Closed Gomox11 closed 4 years ago

Gomox11 commented 5 years ago

Hello!

The json schema I want to validate against uses the date-time format.

"currentTime": {
      "type": "string",
      "format": "date-time"
}

On validation the validator throws an error:

"At /currentTime of "2019-04-18T09:28:03+00:00" - a format checker was not provided but a format keyword for this string is present: date-time"

Is there any way to make the validator work with the date-time format? Any workarounds? I know that the format is defined in the standard but not required to be implemented by the validators.

Thanks in advance :)

pboettch commented 5 years ago

You can provide a format-checker yourself. Via the format-check-function passed to the constructor of the validator-class.

An exemple can be found here:

https://github.com/pboettch/json-schema-validator/blob/master/test/JSON-Schema-Test-Suite/json-schema-test.cpp#L19

and its usages:

https://github.com/pboettch/json-schema-validator/blob/master/test/JSON-Schema-Test-Suite/json-schema-test.cpp#L92

And I immediately see a problem regarding the usage of exceptions... I will dig into it.

Gomox11 commented 5 years ago

Thank you very much for your quick answer :)

That looks exactly like what I need! Have you thought about documenting that somewhere on the main Github page? Seems like it could concern a lot more people. (Or I was just too blind to find it :D)

Now I'll just have to look if somebody has already written a date-time format check or if I have to implement one myself.

Many thanks :)

pboettch commented 5 years ago

The problem is that checkers are not really platform-independent.
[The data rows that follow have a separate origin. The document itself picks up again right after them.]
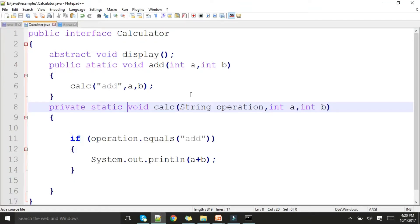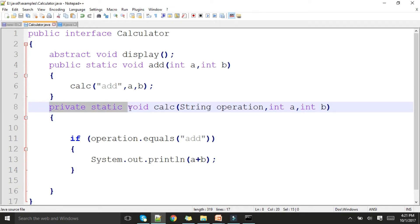Let me step into the program. I have JDK 9 installed — previous videos show how to set the path. Here you can see I have an interface named Calculator. I have one abstract method called display, one public method called add which takes two integer parameters, and those parameters are passed to a private function called calc along with an extra string for identification.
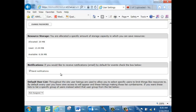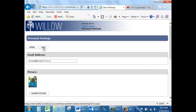You can also determine whether or not you would like to receive email notifications when events are added in Willow. If you do want notifications sent, keep the Send Notifications box checked. If you don't, uncheck it. And it's that easy.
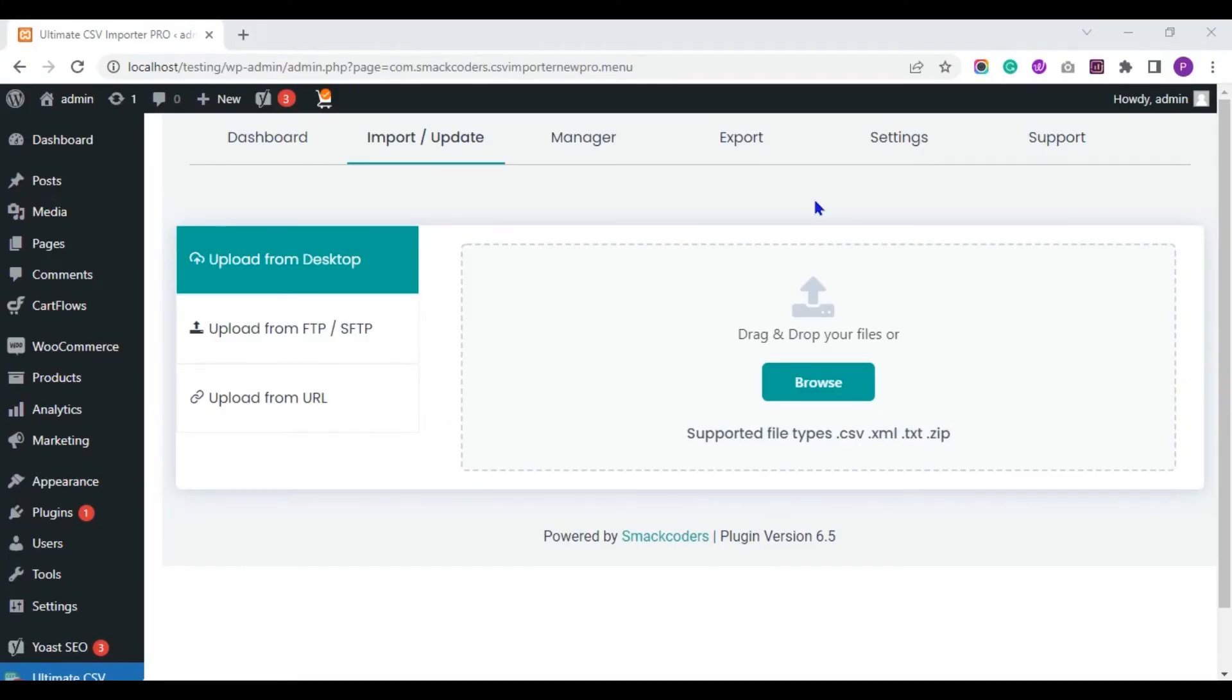Hi, in this tutorial, I will show you how to import Yoast SEO fields data to WordPress post.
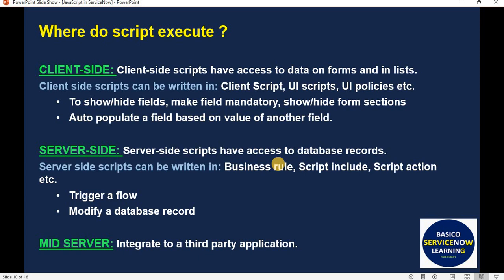Another scripting area is the mid server. If you need to integrate with a third-party application, you can write a script there as well. For example, with a scripted REST API, you also need to write code.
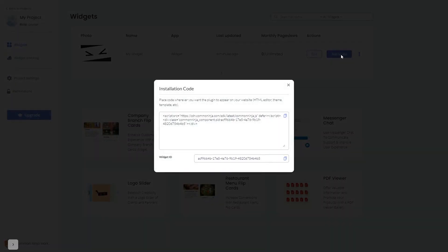In the window that opens, copy the code and close the window.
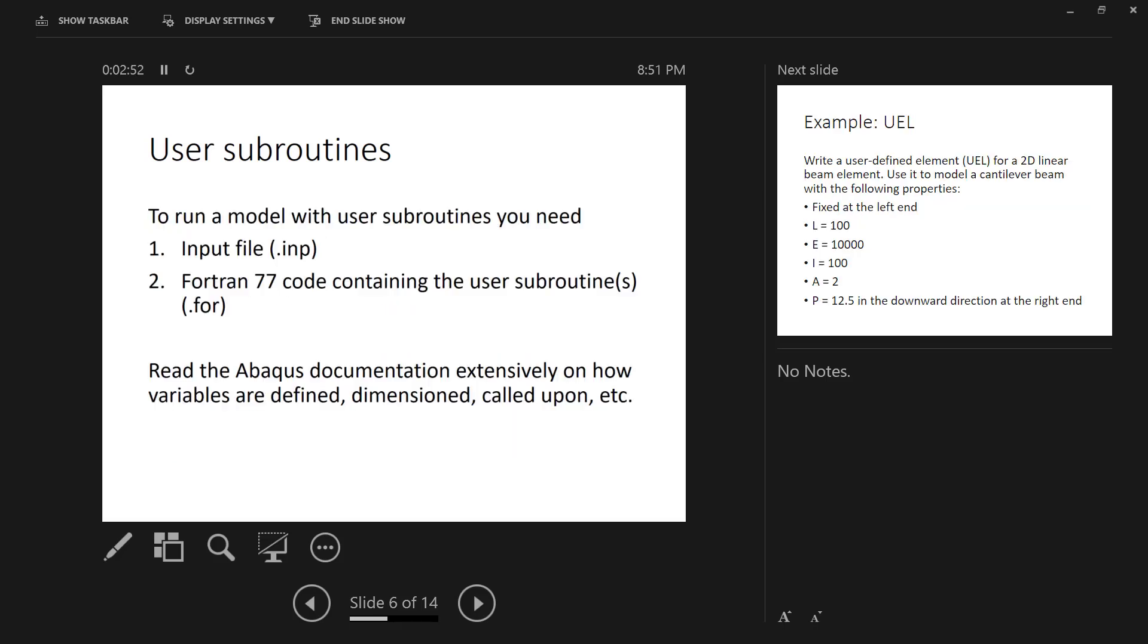To run a model using user subroutines, you need two things. The first is an input file, and the second is Fortran code that contains the subroutines. You can read the Abacus documentation extensively on how variables are defined, dimension called upon, and so on and so forth. So whatever user subroutine you choose to go with, make sure you read the documentation and read it thoroughly and make sure you understand what it's telling you so that you don't inadvertently make a major error in your code.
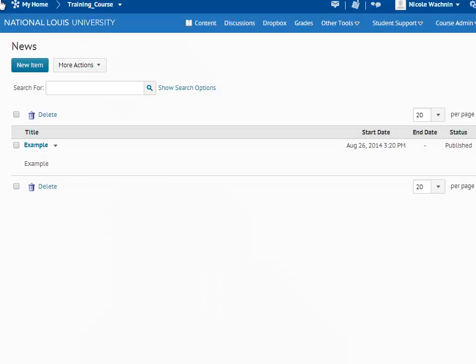After publishing your news item, you will automatically be taken to the News Tool. Remember the Go to News Tool prompt listed in the drop-down menu on your course homepage? Clicking that link will take you to this page.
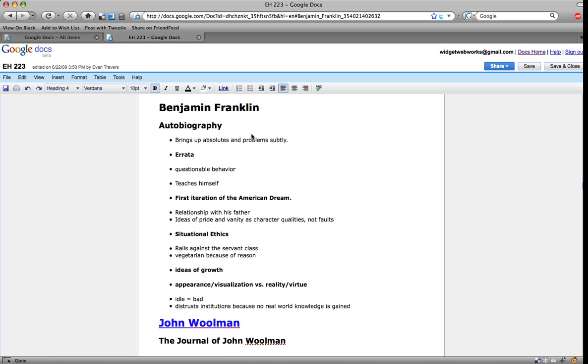I used this all last semester. Alright, so I'm taking notes in an English class about Benjamin Franklin's autobiography.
Depending on the platform you could implement it differently; especially by using external libraries or not.

The last point is the reason for not having delivered with this library (think of checking an URL, super hard IMO).

But, of couse checkers could be implemented in a generic way and thus be integrated here.
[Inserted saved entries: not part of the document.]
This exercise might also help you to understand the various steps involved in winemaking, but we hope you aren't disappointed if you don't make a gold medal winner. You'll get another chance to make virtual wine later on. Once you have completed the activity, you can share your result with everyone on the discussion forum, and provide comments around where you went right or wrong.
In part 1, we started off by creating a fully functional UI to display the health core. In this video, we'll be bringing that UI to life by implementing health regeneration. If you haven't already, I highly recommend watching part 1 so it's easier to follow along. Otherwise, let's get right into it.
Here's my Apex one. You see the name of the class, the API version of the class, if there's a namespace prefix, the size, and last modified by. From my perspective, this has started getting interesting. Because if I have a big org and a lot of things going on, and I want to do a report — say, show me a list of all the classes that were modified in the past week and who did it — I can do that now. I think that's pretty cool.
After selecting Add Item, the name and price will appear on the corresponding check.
date-time (using strptime()) could be added in a generic manner. I would be happy to see your contribution.

mxmlnkn commented 5 years ago

I strongly think that this should be supported out-of-the-box by this JSON checker for it to be called compatible as it is a specification built-in. I don't think it was the idea of the test suite to manually add 30 lines of hardcore regex code to pass it. This is exactly the complexity that should be hidden inside a library.

I don't see the point for the platform-independence. The implementation you linked uses std::regex, which should be platform-independent. And if there was platform dependence, then it should be a libraries job to hide it.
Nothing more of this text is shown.